FRANKLIN, TENN. — APCOM Inc., a State Industries subsidiary that manufactures water heating components including heating elements, thermostats, gas burners and dip tubes, has won the A.O. Smith 2011 Chairman’s Green Star Award. The plant won because of its daily focus on conserving natural resources along with improving process efficiency and reducing costs.

"It is my pleasure to be here today to present the Franklin team with the 2011 Chairman's Green Star Award," said Paul Jones, A. O. Smith Corp. chairman and chief executive officer. "This award is presented to the facility that demonstrates year-over-year improvement in energy consumption and water usage."

"We created this award to highlight the strategic importance of conserving critical resources — most notably natural gas, electricity and water — and reducing waste in our global operations. It underscores our commitment to being a good corporate citizen as well as a good steward of the environment," Jones continued.

In addition to saving nearly 400,000 gallons of water to date, the plant reduced its electricity usage by more than 18% in 2010 and its natural gas consumption by nearly 16%.

"This is an award program that, once again, reflects the values of our company, most notably our desire to be a good corporate citizen," said Ajita Rajendra, president of A. O. Smith Water Products Co. "The work you have done to conserve scarce resources and operate in a more efficient manner is remarkable, and the results are noteworthy. Achieving double-digit reductions in electricity usage, gas consumption, and water use is truly an accomplishment you can be proud of."

"Water is an important resource in Franklin as we use large quantities of water to clean parts in our zinc plating process," said Larry Lillard, APCOM vice president of manufacturing. This process is the biggest user of water in the plant. Lillard explained that parts are washed and rinsed three times and soaked in a sulfated acid solution twice before plating. "The plant estimated that four million gallons of water was therefore going down the drain annually," continued Lillard.

The water from the rinses is subsequently treated with "Hydroxide Precipitation" in the wastewater treatment system. This removes impurities and metals from the rinse water before sending it to the sewer. Since the water is fairly clean and pH balanced when it leaves the wastewater treatment system, another suggestion was made to recycle the treated water.

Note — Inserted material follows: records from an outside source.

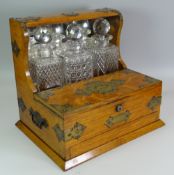 AN OAK THREE BOTTLE TANTALUS with front twin lid compartment and single drawer, brass mounted and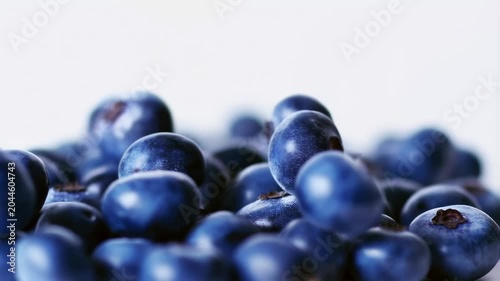 Fresh blueberries falling onto a pile, showcasing their vibrant color and texture. Ideal for healthy eating, cooking, and smoothie preparation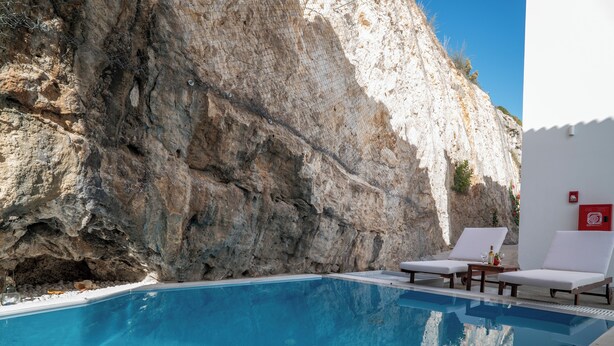 Una piscina con sillas de descanso blancas y un acantilado rocoso de fondo.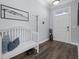 Inviting foyer with stylish bench, coat rack, and dark hardwood floors at 185 Red Leaf Blvd, Moncks Corner, SC 29461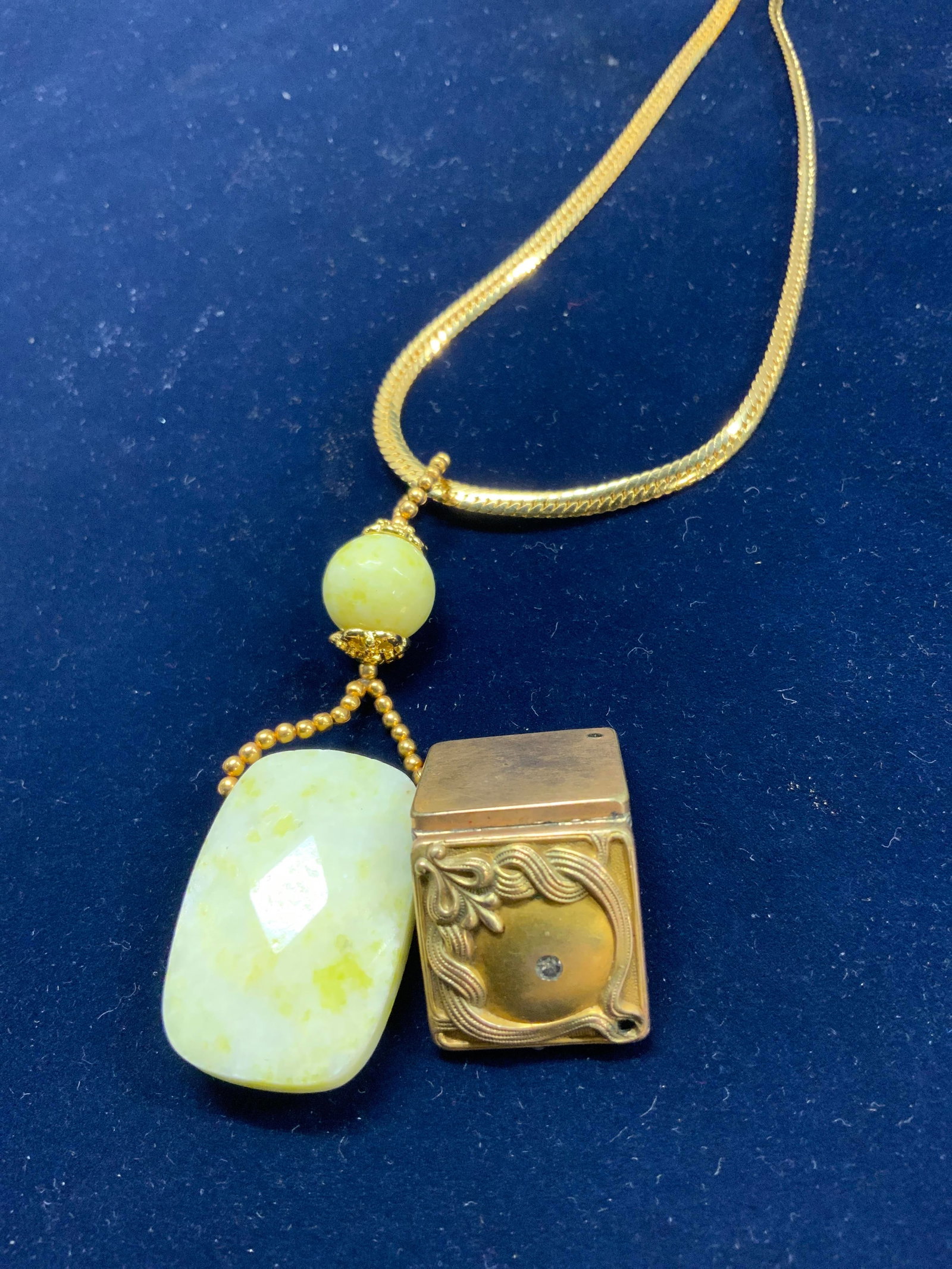 2 Stone Pendant Necklace & W.H. Co Art Deco Locket: Gold tone bone chain necklace with faceted stone pendant ( possibly Lemon Chrysoprase) pendant measures 1.25 x .75 in. Approx 80 cts. Necklace drop is 7 in. Antique signed W.H. Co gold tone Art Deco h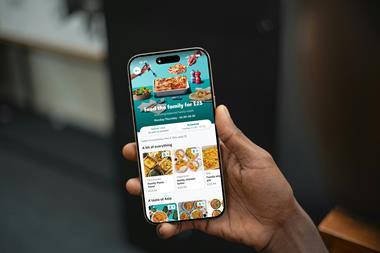 Free Hand Holding iPhone 16 Pro Mockup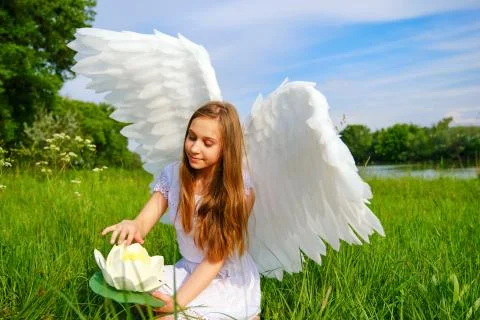 Young beautiful white girl with angel wings plays with waterlily Stock Photos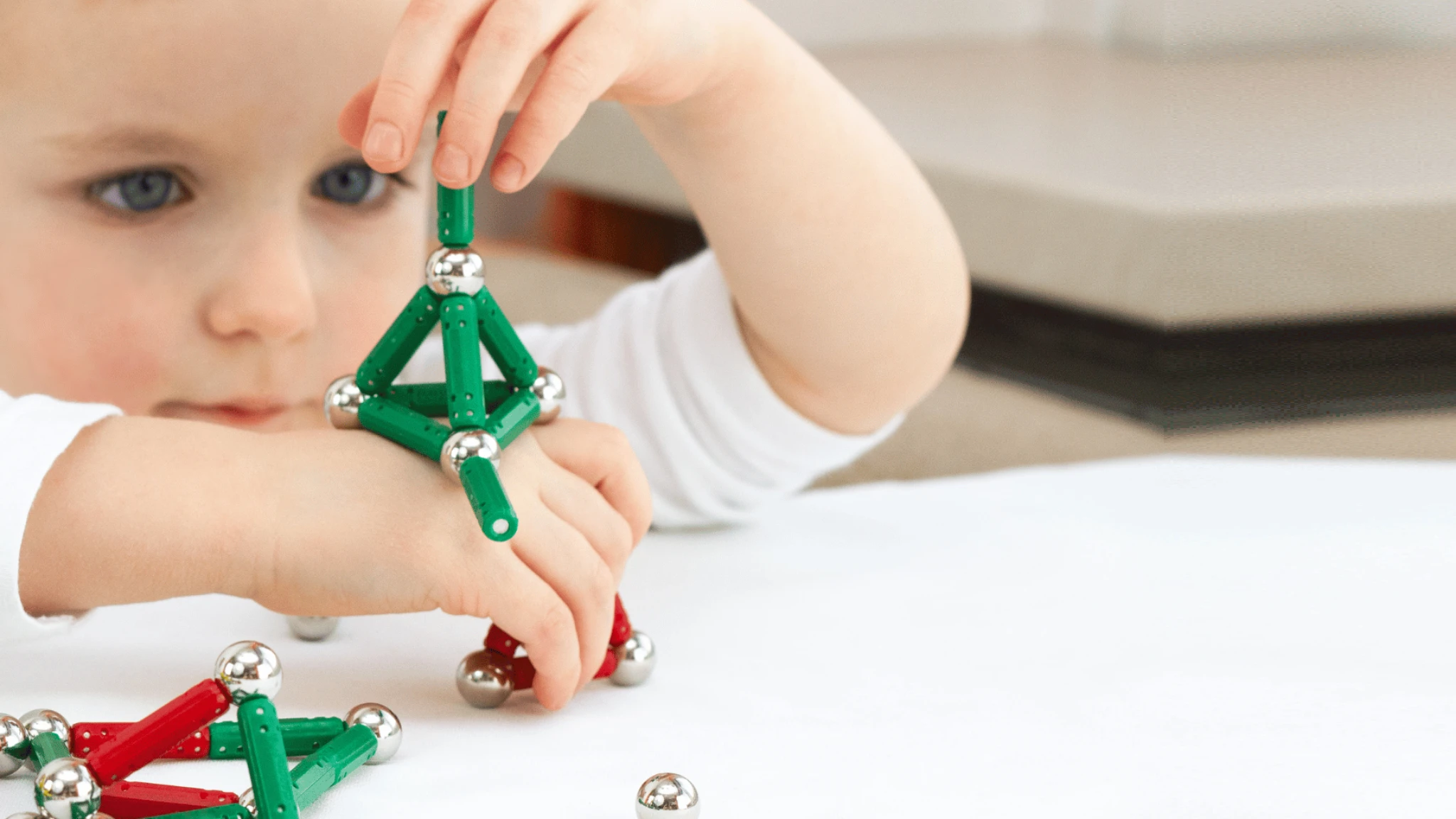 A child playing with magnetic construction toys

Franklin assessed the recycle approach and installed a rinse water reclaim tank in the fourth quarter of 2010 that captures the water that the treatment system discharges. This water is now used in the noncritical rinse stages of the plating process. The plant expects to save approximately 860,000 gallons a year.

The plant has installed a meter to measure their savings and so far in 2011 has saved 360,000 gallons of water by using reclaimed water.

Additional water saving measures were implemented during 2010. Franklin installed spring return fill valves on the cleaner tanks. Water evaporates during the cleaning process and the tanks need to be bought back up to the fill lines. The spring return valves prevent an individual from filling the tanks to overflowing, thereby preventing an overflow and wasting water.

Also hoses have been added to the reclaimed water tanks. Instead of using city water for general clean up, reclaimed water is used for mopping and other cleaning. This saves approximately 3,000 gallons a month.

"In the area of saving electricity," said Lillard, "Franklin has replaced two old air compressors with compressors using the latest technology of variable speed motors. These new compressors adjust for demand and only use the air that is needed. The compressors will throttle back during off shifts and use less power."

In addition, the Franklin plant has installed high efficiency T-8 bulbs in both the plant and warehouse. The bulbs will last longer and use less electricity.

The plant also addressed natural gas usage by replacing an inefficient 20-year-old steam boiler, the biggest user of gas at the plant. The new steam boiler is significantly more efficient with burners that have been much improved over those made years ago.

Accepting the award on behalf of the Franklin employees were John Brock, James McCarthy, Jodie Griggs and Tommy Hargrove.